In fact, the only new buildings going up appear to be at Mesa's Skyline High School, where a 30,000-square foot classroom building is rising, along with a new aquatic center the city is building on land donated by the district.
Not that there isn't a lot going on. The districts are busy with typical summertime maintenance and smaller projects, such as flooring replacement, energy upgrades and kitchen cleaning.
"We're not doing as many projects as we have in the past. In the past we'd have as many as 150 or more. This year we've got 37 to 43 projects," said Rick Michalek, director of operations for the Mesa Unified School District. "Money is one of the biggest reasons. We don't have the funding for some projects. We're deferring projects. We're coming toward the end of our bond funds."
Michalek said in Mesa's case, the district is also making sure it has an emergency fund available in case of any catastrophic failure at a school like a chiller or electric service. "We want to have the funds available to make repairs."
The state's School Facilities Board has provided funds to districts in the past to conduct building repairs and maintenance, but with the state's fiscal crisis, those funds have dried up, putting the bulk of the burden back on districts through either their maintenance and operations budgets or bond funds approved by voters.
Last summer, Chandler Unified School District saw the completion of the Ken "Chief" Hill Academy, a free-standing alternative school, as well as remodeling of the former Pathways Learning Center that was transformed into Chandler Traditional Junior High.
This summer, the Chandler district's only major projects are upgrades required for career and technical education in kitchens at Chandler and Hamilton high schools and biotechnology labs at Basha and Hamilton high schools. The district is also installing an energy management system at Hancock Elementary School, said Frank Fletcher, associate superintendent for support services.
While Queen Creek Unified School District added 10 classrooms to Queen Creek Elementary School last summer, this year the only building being completed is the district's office. The main focus is on general maintenance, said Candy Cooley, director of maintenance and facilities.
Like Mesa, Queen Creek is at the tail end of its bond funds, which were passed 2005.
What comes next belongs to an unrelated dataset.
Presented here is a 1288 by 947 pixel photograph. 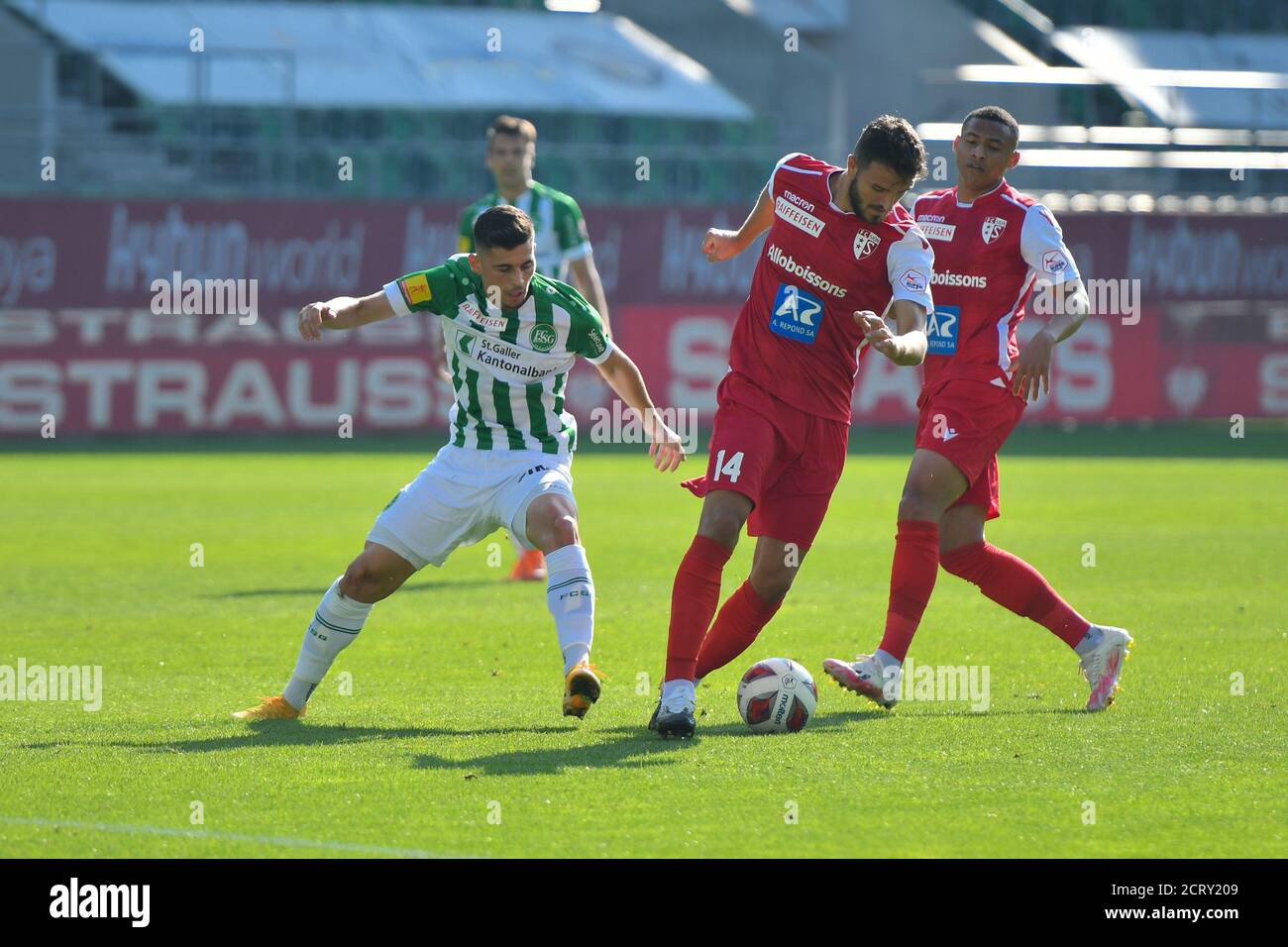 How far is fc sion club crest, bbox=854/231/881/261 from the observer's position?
6.86m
"We've accomplished the majority of what was set out with the bond already. We're picking up renovation projects, but the majority of that bond has been spent," she said. The culinary lab at the high school is being upgraded, like Chandler, because of career and technical education standards.
Gilbert Unified School District's last major project was Campo Verde High School, which opened this year. That school is seeing a solar energy system put in this summer, while several other Gilbert schools will receive upgrades to their lighting and HVAC systems, partly funded through a grant from the School Facilities Board.
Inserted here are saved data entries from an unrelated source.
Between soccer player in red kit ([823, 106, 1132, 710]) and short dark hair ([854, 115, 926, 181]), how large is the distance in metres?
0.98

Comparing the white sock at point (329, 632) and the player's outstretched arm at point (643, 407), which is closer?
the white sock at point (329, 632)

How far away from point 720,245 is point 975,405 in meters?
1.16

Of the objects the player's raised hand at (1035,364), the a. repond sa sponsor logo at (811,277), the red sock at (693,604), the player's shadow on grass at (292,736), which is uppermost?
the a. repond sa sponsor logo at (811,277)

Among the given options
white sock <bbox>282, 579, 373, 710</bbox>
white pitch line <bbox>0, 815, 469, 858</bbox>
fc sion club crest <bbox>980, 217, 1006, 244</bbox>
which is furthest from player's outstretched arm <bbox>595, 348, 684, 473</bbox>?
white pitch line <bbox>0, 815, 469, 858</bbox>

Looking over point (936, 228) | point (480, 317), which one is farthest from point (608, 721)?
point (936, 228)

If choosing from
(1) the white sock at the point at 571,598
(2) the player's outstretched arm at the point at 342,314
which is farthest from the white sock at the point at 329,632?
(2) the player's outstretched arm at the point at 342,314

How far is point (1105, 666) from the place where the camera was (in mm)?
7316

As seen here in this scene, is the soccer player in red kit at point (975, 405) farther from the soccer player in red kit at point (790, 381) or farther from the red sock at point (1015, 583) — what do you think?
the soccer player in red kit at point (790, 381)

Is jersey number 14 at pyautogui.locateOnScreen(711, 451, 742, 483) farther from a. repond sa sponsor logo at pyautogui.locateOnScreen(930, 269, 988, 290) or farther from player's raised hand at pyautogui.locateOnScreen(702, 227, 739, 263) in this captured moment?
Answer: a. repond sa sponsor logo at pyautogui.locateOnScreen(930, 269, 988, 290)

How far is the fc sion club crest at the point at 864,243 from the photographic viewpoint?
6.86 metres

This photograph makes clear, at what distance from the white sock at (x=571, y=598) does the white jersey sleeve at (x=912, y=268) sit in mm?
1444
"Summer is a busy time for our maintenance and operations crews. They will be taking care of general maintenance, including repairing roofs and patching parking lots. Gilbert Elementary will have its bathrooms remodeled, and cooling towers will be replaced at Greenfield Elementary, Mesquite High, and Towne Meadows Elementary schools," Gilbert district spokeswoman Dianne Bowers said. "Most of the maintenance and repair work is funded from the bonds our community approved in anticipation of the shortage of funding from the state."